In mid-August, Messing started experiencing what seemed like cold symptoms — coughing for a few days. His father, Jim Messing, tested Messing’s oxygen levels, which were low, and Messing’s heart rate started increasing. When he asked to go to the hospital, he walked out to the hallway before collapsing.

“He was just absolutely so weak,” Patti Stiles, Messing’s mom, told TODAY. “We had to get paramedics to take him to the hospital.”

Jerry Messing was in the ICU for 21 days with COVID-19. He hopes people will get vaccinated after hearing his experience. Courtesy Jerry Messing

When he arrived, he was admitted to the ICU where doctors intubated him and put him on a ventilator. For the next 21 days, he was unconscious. He experienced pneumonia and MRSA and a few times his family worried that he wouldn’t survive.

“I just absolutely thought for a while we were going to lose him. There were a couple of close calls,” Stiles said. “It was just all, ‘Please God, he’s got so much to give to the world.’”

While Stiles and Jim Messing both tested positive for COVID-19, they had received both doses of an mRNA vaccine. Jim Messing had bronchitis before testing positive for COVID-19 so they’re unsure if he had any symptoms. But Stiles felt exhausted, lost her sense of smell and spent a lot of time in bed. Every day, Stiles called two times to talk to Messing in the ICU even though he was unconscious. She asked the nurses to play music to keep him encouraged.

“I said, ‘Can he hear?’ and she goes, ‘Oh yeah, he responds. But he can’t talk,’” Stiles recalled. “I said, ‘Jerry, you need to hang on. Don’t give up.’ And she told me that he nodded.”

After three weeks, Messing was weaned off the ventilator and woke. But he noticed he couldn’t move his right arm or his legs.

“It was pretty freaky,” Messing said. “It’s difficult. I’m not going to lie. I’m not used to not being able to do anything for myself. I’m not used to just lying in my bed all day.”

Messing is in a rehabilitation facility where he undergoes various therapies. Already he’s noticed a slight improvement in the paralysis, which doctors have told them is “COVID-related.”

“I can now somewhat move my legs. I can’t lift them or anything, but I can slide them a little,” Messing explained. “My right arm, I can sort of lift up.”

The doctors believe that Messing will be able to regain some function but they’re unsure how long it might take.

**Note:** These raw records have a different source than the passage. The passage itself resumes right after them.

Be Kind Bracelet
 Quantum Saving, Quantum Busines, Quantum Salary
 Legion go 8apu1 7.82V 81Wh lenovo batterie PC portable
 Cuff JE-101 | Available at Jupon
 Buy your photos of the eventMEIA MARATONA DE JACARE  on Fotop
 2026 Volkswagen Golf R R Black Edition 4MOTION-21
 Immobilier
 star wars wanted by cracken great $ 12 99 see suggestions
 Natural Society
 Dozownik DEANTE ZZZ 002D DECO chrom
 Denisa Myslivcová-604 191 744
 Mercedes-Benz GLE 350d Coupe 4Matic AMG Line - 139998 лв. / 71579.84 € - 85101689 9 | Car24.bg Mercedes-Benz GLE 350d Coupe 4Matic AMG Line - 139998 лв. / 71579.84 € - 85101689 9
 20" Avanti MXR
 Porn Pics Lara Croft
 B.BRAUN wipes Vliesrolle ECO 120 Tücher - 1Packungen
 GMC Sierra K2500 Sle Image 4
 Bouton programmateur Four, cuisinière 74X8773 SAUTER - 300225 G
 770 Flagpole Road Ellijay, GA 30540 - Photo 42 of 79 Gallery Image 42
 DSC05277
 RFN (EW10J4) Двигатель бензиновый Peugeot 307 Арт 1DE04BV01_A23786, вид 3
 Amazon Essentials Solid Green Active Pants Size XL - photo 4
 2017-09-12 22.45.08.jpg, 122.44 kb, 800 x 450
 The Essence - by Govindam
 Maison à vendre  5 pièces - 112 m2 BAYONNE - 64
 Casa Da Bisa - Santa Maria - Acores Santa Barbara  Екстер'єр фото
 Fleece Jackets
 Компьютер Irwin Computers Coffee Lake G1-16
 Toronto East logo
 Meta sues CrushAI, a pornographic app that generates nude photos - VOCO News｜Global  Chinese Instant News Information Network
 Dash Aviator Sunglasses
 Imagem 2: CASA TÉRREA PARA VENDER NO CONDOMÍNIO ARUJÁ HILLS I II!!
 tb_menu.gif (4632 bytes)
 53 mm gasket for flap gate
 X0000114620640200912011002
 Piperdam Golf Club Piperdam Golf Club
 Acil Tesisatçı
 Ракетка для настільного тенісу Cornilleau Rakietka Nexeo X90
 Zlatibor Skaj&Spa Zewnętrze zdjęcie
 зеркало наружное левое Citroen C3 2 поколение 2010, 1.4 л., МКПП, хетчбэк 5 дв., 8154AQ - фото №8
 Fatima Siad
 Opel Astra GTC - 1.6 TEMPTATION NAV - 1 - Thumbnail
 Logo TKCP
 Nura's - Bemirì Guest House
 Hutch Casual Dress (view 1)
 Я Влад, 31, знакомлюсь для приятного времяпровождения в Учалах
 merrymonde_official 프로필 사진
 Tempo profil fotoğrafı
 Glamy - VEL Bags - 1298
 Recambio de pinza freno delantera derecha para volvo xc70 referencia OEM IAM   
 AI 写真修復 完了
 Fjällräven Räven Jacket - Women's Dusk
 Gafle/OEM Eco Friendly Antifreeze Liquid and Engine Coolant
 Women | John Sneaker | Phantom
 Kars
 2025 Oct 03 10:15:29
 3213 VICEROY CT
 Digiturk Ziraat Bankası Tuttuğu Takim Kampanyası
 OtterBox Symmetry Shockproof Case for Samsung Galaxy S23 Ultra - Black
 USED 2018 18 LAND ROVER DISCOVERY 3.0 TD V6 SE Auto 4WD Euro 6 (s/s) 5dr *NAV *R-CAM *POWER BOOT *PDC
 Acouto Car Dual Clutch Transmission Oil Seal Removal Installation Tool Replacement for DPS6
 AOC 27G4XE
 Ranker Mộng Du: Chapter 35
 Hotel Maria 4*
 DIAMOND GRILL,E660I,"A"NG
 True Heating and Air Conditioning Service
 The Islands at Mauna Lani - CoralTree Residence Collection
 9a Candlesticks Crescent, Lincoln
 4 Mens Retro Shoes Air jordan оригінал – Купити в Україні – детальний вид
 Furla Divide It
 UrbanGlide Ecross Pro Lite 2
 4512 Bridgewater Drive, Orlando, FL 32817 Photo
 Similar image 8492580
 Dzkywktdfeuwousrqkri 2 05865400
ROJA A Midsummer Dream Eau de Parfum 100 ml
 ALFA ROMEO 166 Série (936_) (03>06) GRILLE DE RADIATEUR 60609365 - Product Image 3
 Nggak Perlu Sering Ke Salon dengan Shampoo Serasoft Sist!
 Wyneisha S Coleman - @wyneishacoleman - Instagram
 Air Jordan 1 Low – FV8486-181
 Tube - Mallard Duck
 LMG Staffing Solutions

He can also squeeze a ball with his right hand.

“Physically, he is doing so much better,” Stiles said. “His right arm, we’re helping him do exercise with that hand … It’s going to take a while for him to really get to being all better.”

Prior to contracting COVID-19, Messing lost 103 pounds and was hoping to lose more. In the ICU he lost 87 pounds, but some of it is muscle mass from not being able to move. He hopes when he recovers he can focus again on his health habits and lose more weight.

“I’ve been doing a lot of work and losing weight and when I get back on my feet, once I get out of the hospital, that will continue,” he said.

Messing said the doctors believe “the one shot saved me,” and Stiles said the doctors told her the same thing.

“They said that probably the reason Jerry didn’t die was because he had that first shot,” Stiles said. “They figured that probably helped a lot.”

The family is grateful Messing pulled through.

“I’m just so thankful that he’s out of the ICU and not on a ventilator anymore,” Stiles said. “He says he is so thankful he did not die. It gives you a whole new outlook on life.”

Messing said he would like to act again after he recovers.

“I haven’t acted in years though it is my intention to somehow get back into the industry once I’m healthy enough,” he said.

They hope that anyone still hesitant about receiving the vaccine, gets vaccinated after hearing about Messing.

“It’s just really important for people, who are able to, to get the vaccine. There’s nothing to be afraid of,” Stiles said. “You don’t want to be in an ICU on a ventilator. You got a big old tube down your throat and breathing for you and it’s just scary as hell.”